Each row correspond to a unique email.

In [None]:
from melusine.data.data_loader import load_email_data

df_emails = load_email_data()

In [None]:
df_emails.columns

In [None]:
print('Body :')
print(df_emails.body[5])
print('\n')
print('Header :')
print(df_emails.header[5])
print('Date :')
print(df_emails.date[5])
print('From :')
print(df_emails.loc[5,"from"])
print('To :')
print(df_emails.to[5])
print('Label :')
print(df_emails.label[5])

## Pipeline to manage transfers and replies

A single email can contain several replies or transfers in its body.

In this pipeline the functions applied are :
- **check_mail_begin_by_transfer :** returns True if an email is a direct transfer, else False.
- **update_info_for_transfer_mail :** update the columns body, header, date, from and to if the email is a direct transfer.
- **add_boolean_answer :** returns True if an email is an answer, else False.
- **add_boolean_transfer :** returns True if an email is transferred, else False.

This pipeline will create the following new columns :
- **is_begin_by_transfer (boolean) :** indicates if the email is a direct transfer, meaning the person whe tranfered a previous email has not written anything on his own. If it is the case, the body, header, date, from and to columns will be updated with the information of the transfered email.
- **is_answer (boolean) :** indicates if the body contains replies from previous emails.
- **is_transfer (boolean) :** indicates if the body contains transfered emails (not necesseraly a direct transfer).

#### An example of a direct tranfer

In [None]:
print(df_emails.loc[0,'header'])
print(df_emails.loc[0,'date'])
print(df_emails.loc[0,'from'])
print(df_emails.loc[0,'to'])
print(df_emails.loc[0,'body'])

#### The pipeline 

In [None]:
from melusine.utils.transformer_scheduler import TransformerScheduler

from melusine.prepare_email.manage_transfer_reply import check_mail_begin_by_transfer
from melusine.prepare_email.manage_transfer_reply import update_info_for_transfer_mail
from melusine.prepare_email.manage_transfer_reply import add_boolean_transfer
from melusine.prepare_email.manage_transfer_reply import add_boolean_answer

In [None]:
ManageTransferReplyTransformer = TransformerScheduler(
    functions_scheduler=[
        (check_mail_begin_by_transfer, None, ['is_begin_by_transfer']),
        (update_info_for_transfer_mail, None, None),
        (add_boolean_answer, None, ['is_answer']),
        (add_boolean_transfer, None, ['is_transfer'])
    ]
)

In [None]:
df_emails = ManageTransferReplyTransformer.fit_transform(df_emails)

In [None]:
df_emails.columns

#### An emails previously transfered directly after it has been updated

In [None]:
print(df_emails.loc[0,'is_begin_by_transfer'])
print(df_emails.loc[0,'header'])
print(df_emails.loc[0,'date'])
print(df_emails.loc[0,'from'])
print(df_emails.loc[0,'to'])
print(df_emails.loc[0,'body'])

#### Headers of emails containing replies

In [None]:
test = df_emails[df_emails['is_answer']==True]
test.header

#### Headers of emails containing transfers

In [None]:
test = df_emails[df_emails['is_transfer']==True]
test.header

## Email segmenting pipeline

Each email will be segmented according to :
- the different messages
- the metadata, the header and the  text of each messages
- the type of metadata (date, from, to)
- the different partos of each text (hello, greetings, footer..)

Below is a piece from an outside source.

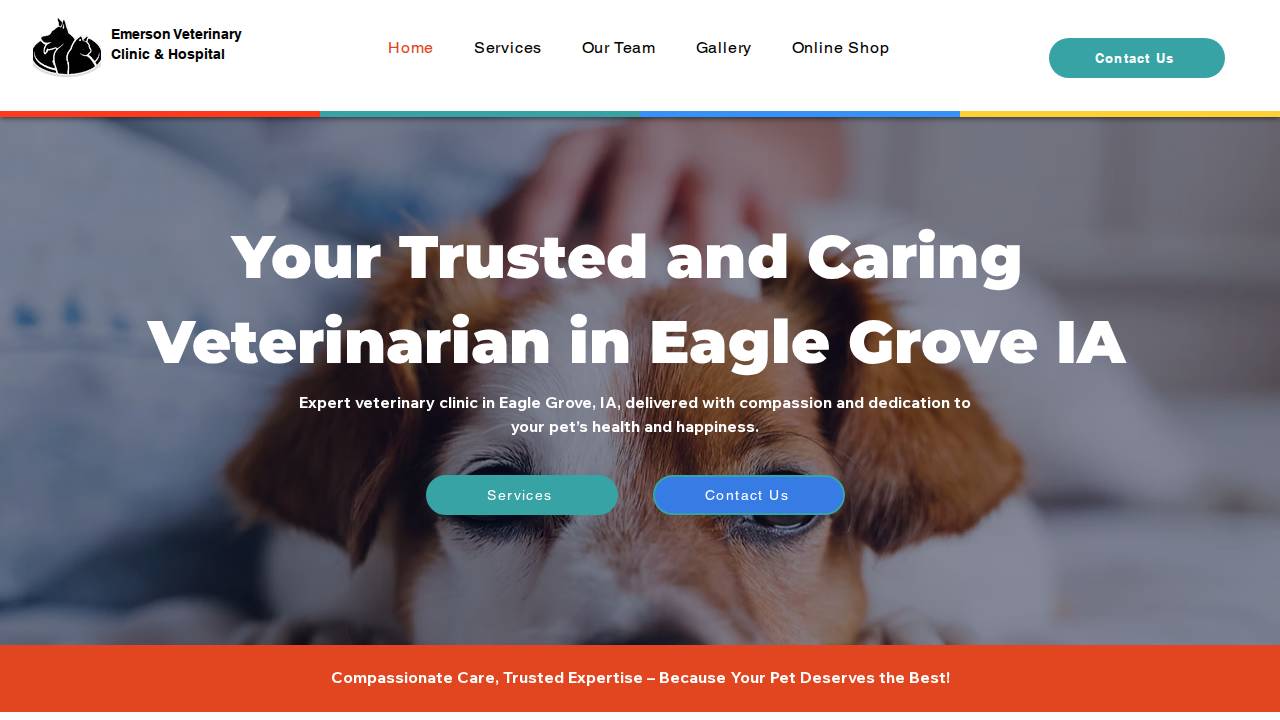 Emerson Veterinary Clinic & Sales, Hospital PC website screenshot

In this pipeline the functions applied are :
- **build_historic :** segments the different messages of the body and returns a list of dictionaries, one per message. Each dictionary has a key 'meta' to access the metadata and a key 'text' to access the text of the body.
- **structure_email :** splits parts of each messages in historic, tags them (tags: Hello, Body, Greetings, etc) and segments each part of the metadata (date, from, to). The result is returned as a list of dictionaries, one per message. Each dictionary has a key 'meta' to access the metadata (itself a dictionary with keys 'date', 'from' and 'to') and a key 'text' to access the text of the body (itself a dictionary with keys 'header' and 'structured_text').

This pipeline creates the following new columns :
- **structured_historic :** the list of dictionaries returned by **build_historic** function.
- **structured_body :** the list of dictionaries returned by **structure_email** function.

In [None]:
from melusine.prepare_email.build_historic import build_historic
from melusine.prepare_email.mail_segmenting import structure_email

In [None]:
SegmentingTransformer = TransformerScheduler(
    functions_scheduler=[
        (build_historic, None, ['structured_historic']),
        (structure_email, None, ['structured_body'])
    ]
)

In [None]:
df_emails = SegmentingTransformer.fit_transform(df_emails)

In [None]:
df_emails.columns

In [None]:
print(df_emails.body[2])

In [None]:
df_emails.structured_historic[2]

In [None]:
df_emails.structured_body[2]

## Extraction and cleaning of the body of the last message

Once each email segmented, the body of the last message will be extracted and cleaned.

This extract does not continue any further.